Gabriel grabbed the steel handle and hauled the door open. “Because whoever went through this door last either did not know how to reset the lock or wasn’t worried about locking up. I think we can assume that person was the killer. He was looking for Pitney’s vault. The question is, did he find it?”
The heavy vault-style door swung open. Acid-green energy spilled through a ragged, two-foot-wide crack in the quartz wall. A shivery thrill rezzed his senses. He had spent a lot of his life in the Underworld, but he still got the rush.
He glanced at Lucy. There was a gleam in her eyes that told him she felt it, too.
Otis fluttered through the opening first. Gabriel and Lucy followed. Once inside, they stopped to double-check their nav amber and the locator. Otis could always be counted on to lead the way to an exit, but years of professional training and experience ran deep. You never went into the Underworld without well-tuned nav amber and a functioning locator.
“All set?” he said.
Lucy touched the amber in her bracelet and nodded. “Yes.”
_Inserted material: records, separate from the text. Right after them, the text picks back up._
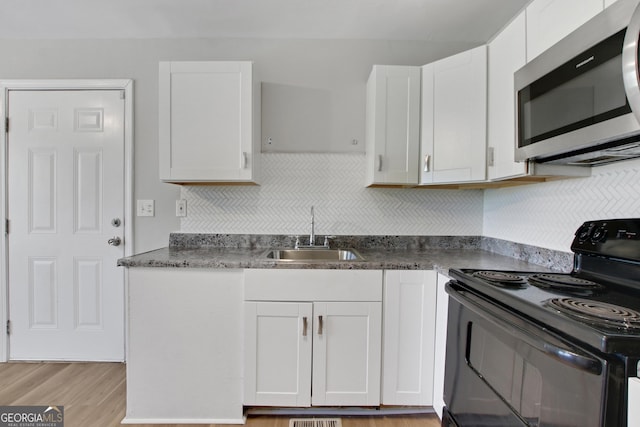 944 Joseph E Boone Blvd NW, Atlanta, GA 30314 - kitchen with a sink, stainless steel microwave, white cabinetry, and electric range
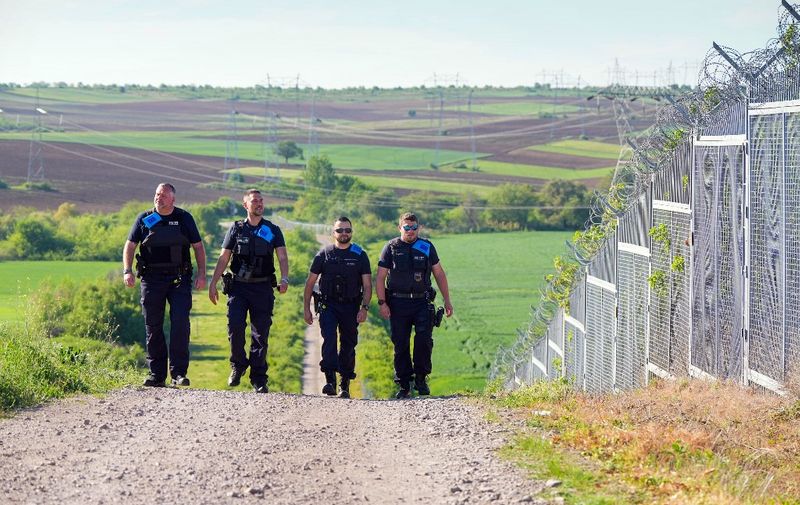 dpatop - 15 April 2024, Bulgaria, Swilengrad: Four German Federal Police officers on Frontex duty walk along the Turkish-Bulgarian "Green Border" during the visit of German Interior Minister Faeser. The talks focus on the implementation of the new common European asylum system, the use of Frontex to protect the EU's external borders and accession to the Schengen area. Photo: Soeren Stache/dpa (Photo by SOEREN STACHE / DPA / dpa Picture-Alliance via AFP)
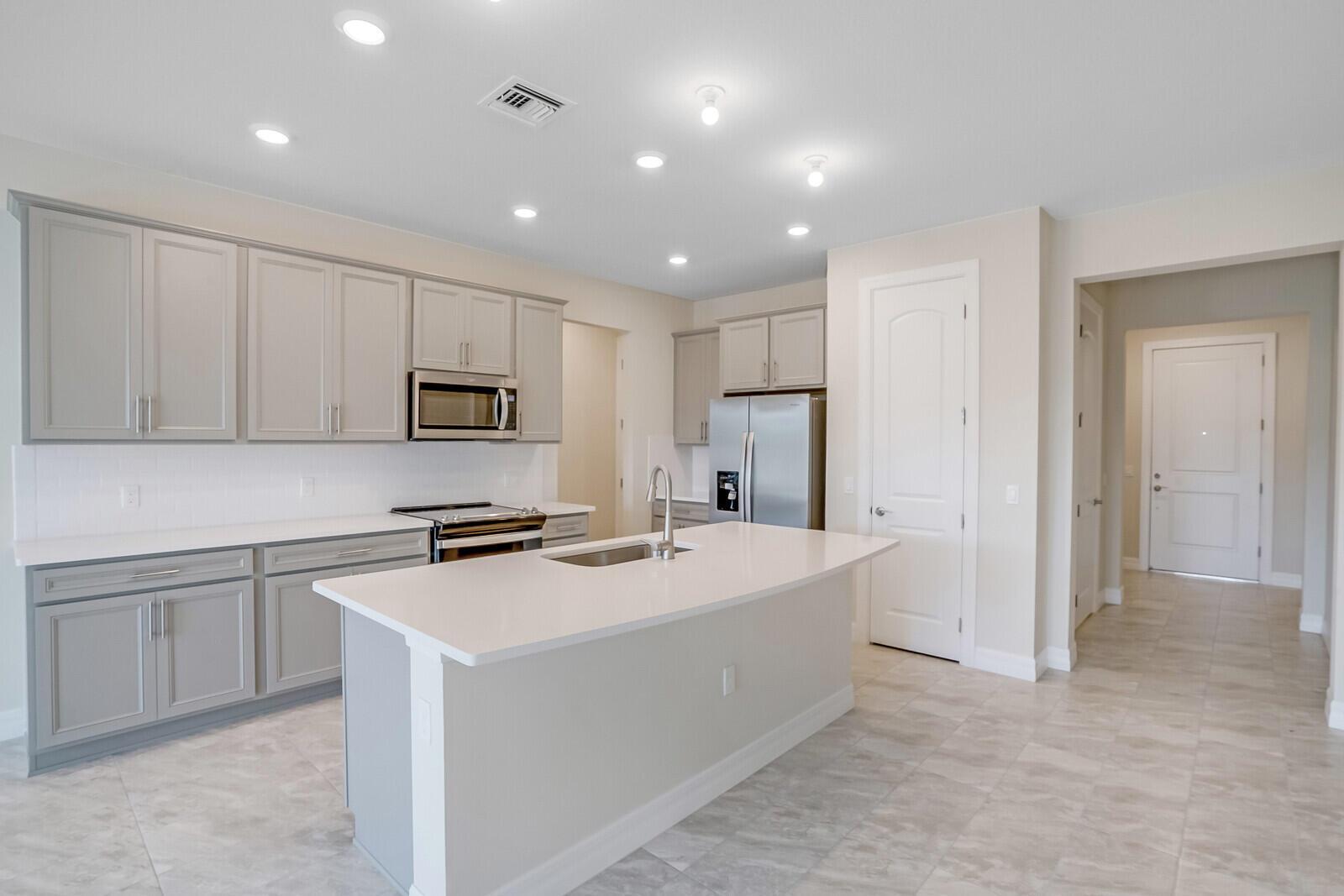 A kitchen with gray cabinets, white countertops, a center island, and stainless steel appliances — 8656 Escue Street, Lake Worth FL 33467, LAKE WORTH, FL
He gripped the pendant in one hand and focused on the unique frequency of Pitney’s tuning vibe. A thread of identical energy appeared on the green quartz floor.
“Got it,” he said.
Lucy gave him a curious look. “You can sense Pitney’s vibe in here?”
“I can see prints on the floor. It isn’t usually this easy, but it looks like Pitney spent a lot of time down here. He left a clear trail, and it’s hot.”
“Hot?”
“The last time he came this way he was … agitated. Scared, maybe.”
He started walking, concentrating on the path he was following. If he stopped focusing, the prints faded immediately. Lucy fell into step beside him. After a couple of moments Otis seemed to realize what was going on. He dashed ahead.
“He must have figured out we’re following Pitney’s vibe,” Lucy said.
“He’ll probably get us there faster than I can.” Gabriel kept his attention on the faint path of energy. It was just barely visible in the glow of the quartz. “The next question is whether the arsonist got there first.”
“I doubt it. Not many people can do what you do,” Lucy said.
“The killer might have forced Pitney to reveal the location of the vault before he murdered him.”
“So whether or not we find something useful is what we here in Illusion Town like to call a crap shoot.”
“Trust me, there’s always something left at a scene.”
Otis disappeared around another corner and then reappeared, chortling.
“He thinks we’re playing a game,” Lucy explained. “Dust bunnies, I have discovered, are big on games of any kind. They excel at hide-and-seek.”
The trail led into a vast rotunda. There were over a dozen arched openings marking the entrances to more tunnels. Otis was waiting for them at one of the openings. He waved his miniature dust bunny and bounced up and down.
Gabriel studied the energy path on the floor. It led straight to where Otis stood on his hind legs, barely able to contain his glee.
“Got it,” Gabriel said. He went forward to join Otis. “Now to see what’s left.”
Pitney’s vault was a small chamber to the right inside the tunnel. It had not been cleaned out. Glass and steel cases held heaps of unpolished, untuned amber.
Lucy came up to view the interior of the chamber. “And this is what we here in Illusion Town call hitting the jackpot.”
Otis scampered toward a glass case and hopped on top, apparently trying to figure out how to open it.
Gabriel walked slowly through the space, pausing here and there to examine the collection. “This is incredible. I’ve never seen examples of some of this amber except in museums or in the vaults of the big amber-mining companies. Pitney must have spent his life collecting rare rez amber.”